Like the work of it’s dedicatee, Detlev Glanert's Requiem for Hieronymus Bosch spans the mortal and the immortal, the demonic and the angelic, the putrid and the sublime. It is one of the events commemorating the 500th anniversary of the painter's death, and premiered one day before this Amsterdam performance, at St John's Cathedral in 's-Hertogenbosch, Bosch’s birthplace. It was an extraordinary performance, and not just because of the extraordinary musicianship of the Royal Concertgebouw Orchestra, who co-commissioned the event, and the phenomenal Netherlands Radio Choir.

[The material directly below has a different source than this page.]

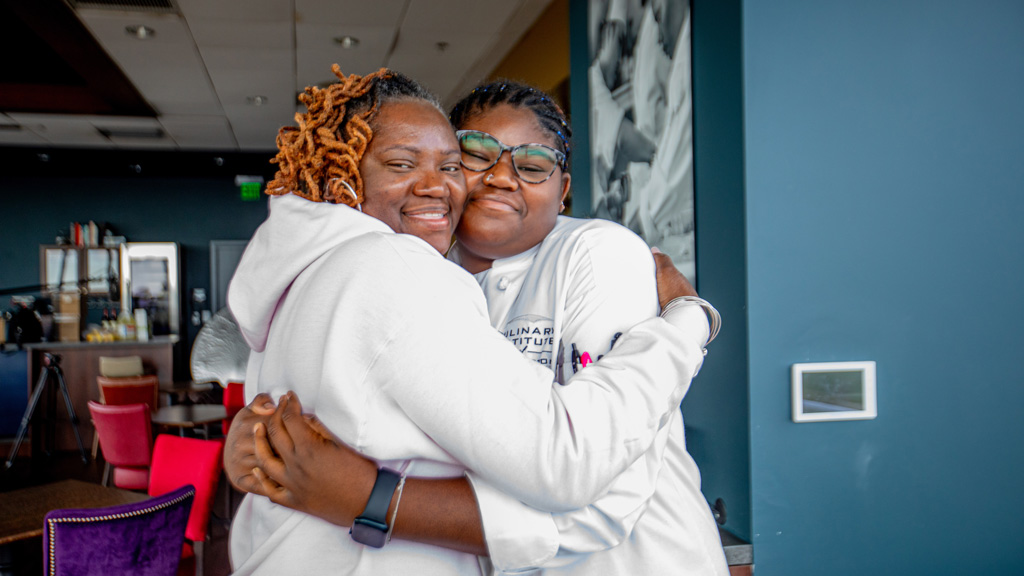 photo of two women, Gabby Smith and her mother Roberta, hugging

It all started with demons. When selecting his texts, Glanert was inspired by Boschian devils of all gradations, from mischievous imps to merciless torturers. In the Middle Ages devils were very real, and constantly out to get your immortal soul. Adopting this medieval view of the universe, Glanert framed his Requiem as a divine trial. At the end of his life, Bosch is spiritually examined by the archangel Michael, who uses the seven deadly sins as a checklist. In a masterly stroke that gives the work both meaty content and a robust structure, the composer alternates sections of the Catholic mass for the dead with poems in secular Latin from the medieval collection Carmina Burana. The texts describing the deadly sins were introduced by an accusatory Speaker, baritone David Wilson-Johnson, intoning the name of the relevant devil specialising in that particular sin – Lucifer for pride, for example, or Leviathan for envy.

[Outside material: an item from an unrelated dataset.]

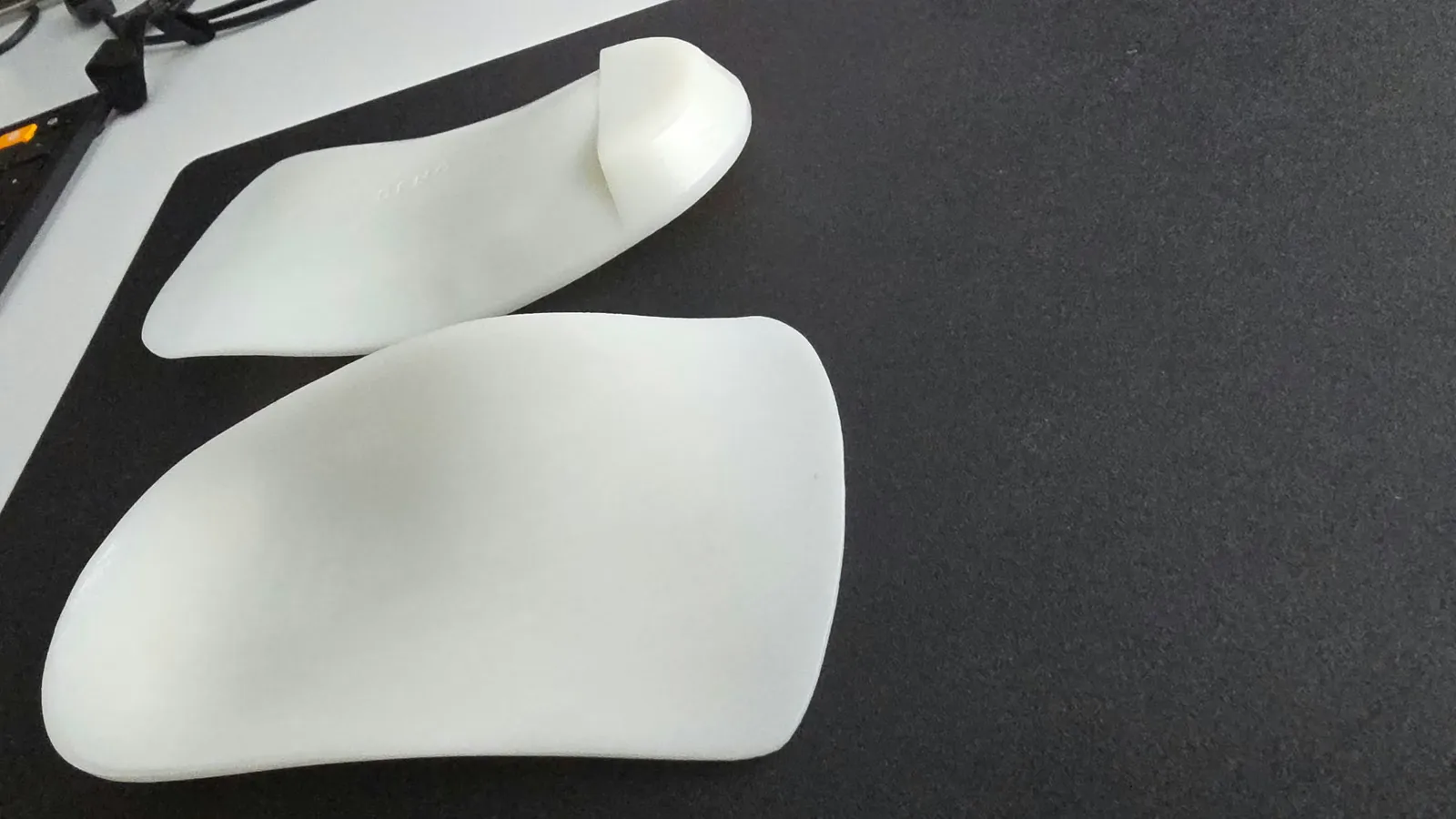 A pair of white SLS-printed orthotic insoles.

The work opens with a section called De Demonibus (On Devils), in which soloists and choir both invoke and exorcise the legions of hell in sung speech. Another apt decision, since Bosch was a lay brother of a religious confraternity, and, like some of its members, might have held the title, if not the mandate, of "exorcist”. Repetitive short figures in the orchestra, liberal use of that fiendish technique, the pizzicato, and crashing chords immediately plunged us into a world of cumulative vice and looming damnation. Then, like a soft halo, the small “Fernchor”, a “distant” choir positioned on the balcony, floated a subdued Requiem aeternam in four-part harmony. The main choir picked up this doubtful prayer, and the combined choral forces ended on a dissonant chord. Next, the first deadly sin, gluttony, reared its insatiable head as the bass solo sang the pleasures of binging on food and drink in Gula. The drooling woodwinds and flatulent horns in the accompaniment were just one example of Glanert’s richly descriptive writing. The supplicant ensemble in the deeply polyphonous Absolve Domine then gave way to the tenor’s convulsive Ira (Wrath).